In recent years I have, on several occasions, heard people discuss where they were when they heard about President Kennedy’s assassination. One thing I haven’t heard discussed is who they first heard the news from. Isn’t it interesting that when a report is significant enough, we can so easily forget the person who brought it?
On the other hand, Bob Hope has brought me countless hours of laughter, but I couldn’t tell you a single joke I’ve ever heard him deliver. He stands out in my mind, not what he says.
That must have been what Phillips Brooks had in mind when he said, during his Lyman Beecher Lectures on Preaching at Yale:
“The minstrel who sings before you to show his skill will be praised for his wit, and rhymes, and voice. But the courier who hurries in, breathless, to bring you a message, will be forgotten in the message that he brings.”
You won’t need to watch many Sunday morning religious programs on television before you realize how much the minstrel-mentality has invaded the contemporary pulpit. With a half-hour of carefully-designed sets, bright-eyed young singers and frequent pitches for contributions, it’s hard to tell where the entertainment ends and the gospel begins.
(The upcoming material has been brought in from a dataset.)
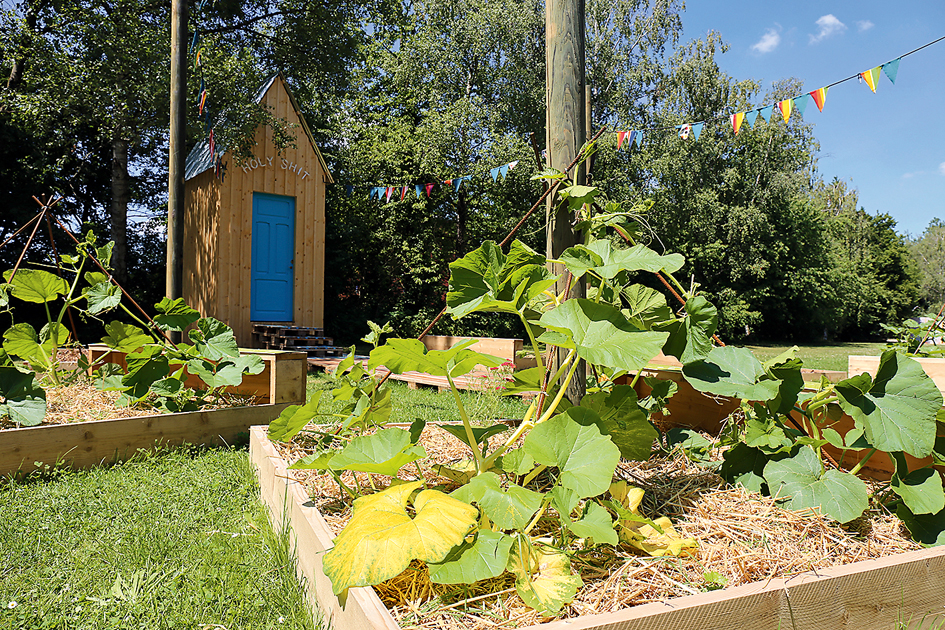 Göttlicher Kreislauf im Jardin digestif. (Foto: Ruedi Weidmann)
The danger lies in the pressure to bring such antics into the local church. Will congregations which have spent the week glued to prime-time television have any interest in listening to someone stand in the pulpit and proclaim God’s word? Like network executives in search of ratings, we can be tempted to adopt the latest gimmick, concentrate on hairstyles and fashions, spend more time on jokes than on interpreting God’s Word.
Being a minstrel can even produce a crowd, so long as each show is better than the one before … and better than the show down the street.
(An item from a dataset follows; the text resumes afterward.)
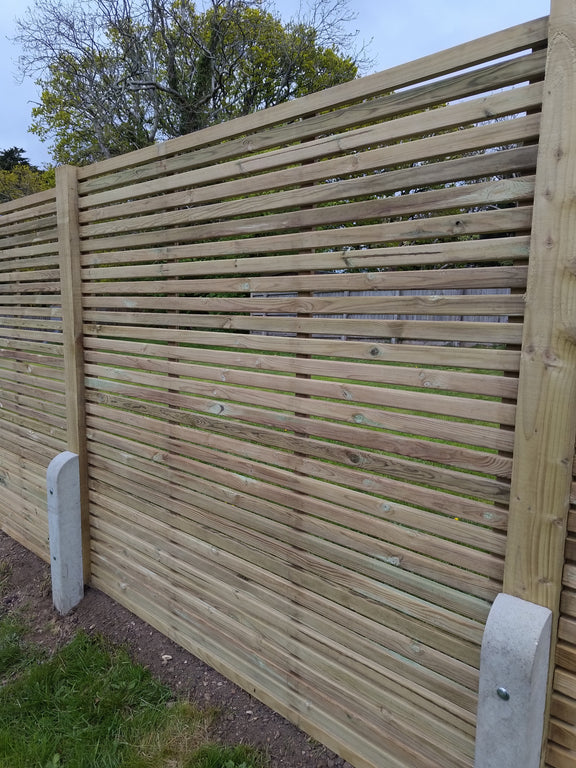 fence panel slatted fence panel 6ft fence panel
On the other hand, the preacher who understands his calling to be a messenger of God’s Word may have to sacrifice a certain amount of fame. His congregation is likely to think far more about the truths he preaches than about his delightful delivery. They may hear God’s Word and forget the preacher altogether.
L. D. Johnson told the story of a little boy who scurried onto the platform after church, climbed up to the pulpit microphone, and began to call out into the mike, “Look at me! Look at me!” An older man turned to his wife and said quietly, “I think we’ve heard that sermon before.”
As messengers of a living God, may our message always be, “Look at Him.”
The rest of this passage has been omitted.